**Task instructions:**
This calls for a verbatim copy of all the data, with no images carried over.

(Web page caption snippets)
━━━━━━━━━━━━━━━━━━━━

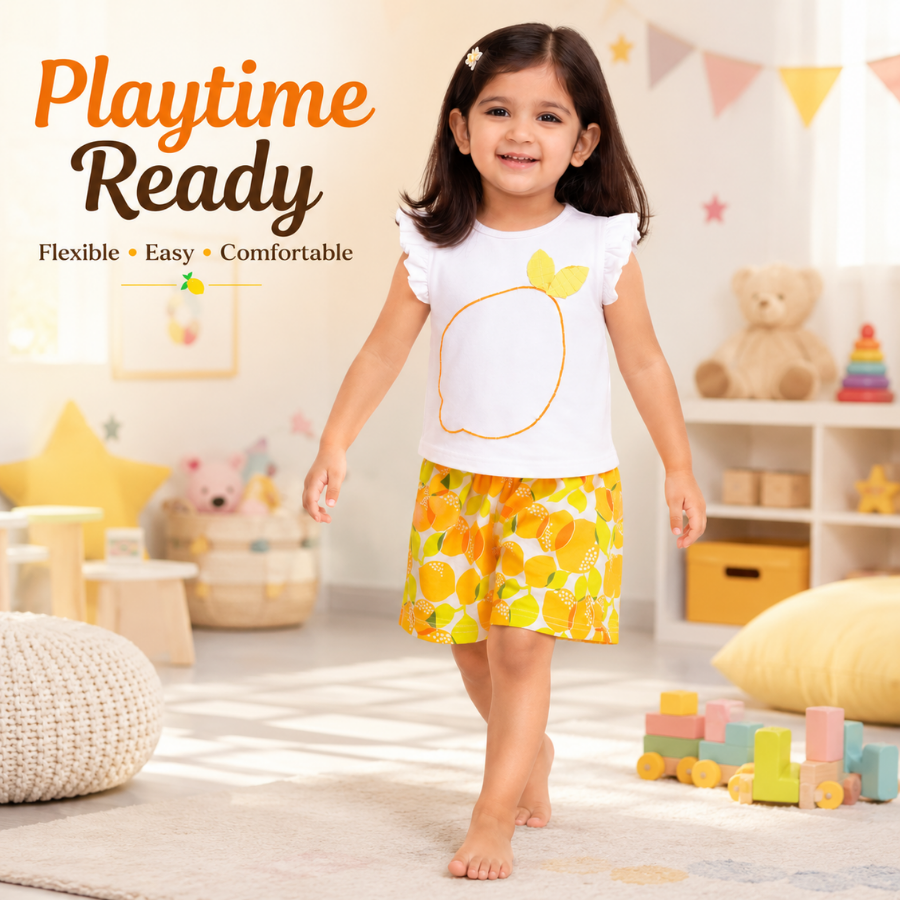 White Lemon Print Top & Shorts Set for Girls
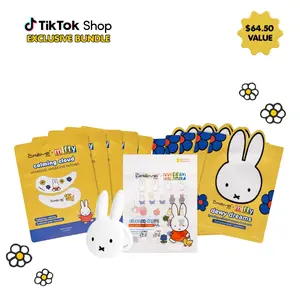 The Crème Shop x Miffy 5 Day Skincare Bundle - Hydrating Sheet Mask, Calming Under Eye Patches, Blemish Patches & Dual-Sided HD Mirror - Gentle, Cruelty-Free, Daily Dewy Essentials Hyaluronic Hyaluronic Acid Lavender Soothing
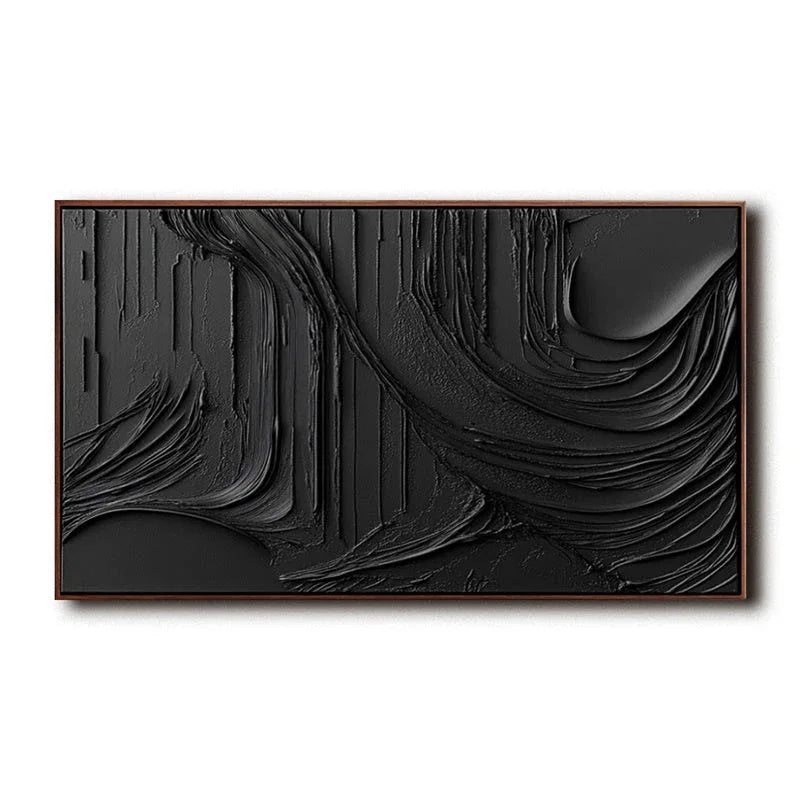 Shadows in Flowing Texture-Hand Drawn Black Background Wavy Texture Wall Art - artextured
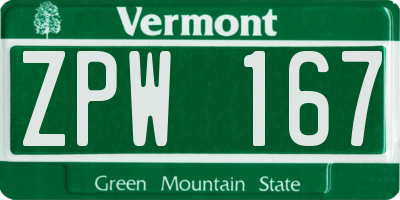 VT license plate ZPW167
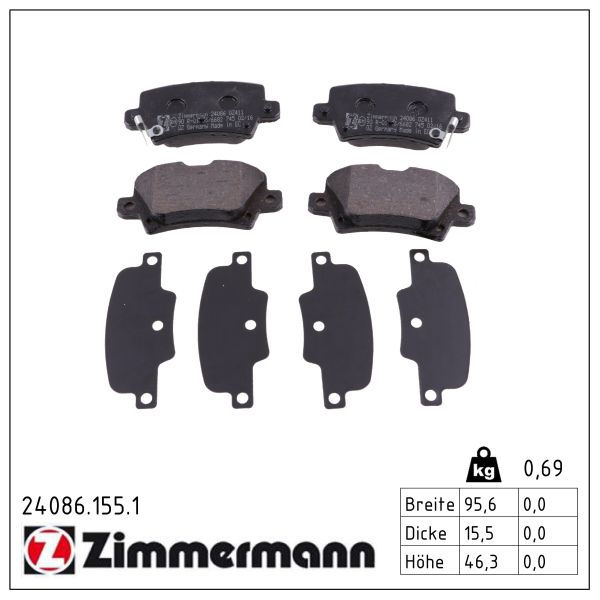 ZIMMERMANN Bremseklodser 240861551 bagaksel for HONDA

━━━━━━━━━━━━━━━━━━━━

**Solution for this exercise:**
 White Lemon Print Top & Shorts Set for Girls
 The Crème Shop x Miffy 5 Day Skincare Bundle - Hydrating Sheet Mask, Calming Under Eye Patches, Blemish Patches & Dual-Sided HD Mirror - Gentle, Cruelty-Free, Daily Dewy Essentials Hyaluronic Hyaluronic Acid Lavender Soothing
 Shadows in Flowing Texture-Hand Drawn Black Background Wavy Texture Wall Art - artextured
 VT license plate ZPW167
 ZIMMERMANN Bremseklodser 240861551 bagaksel for HONDA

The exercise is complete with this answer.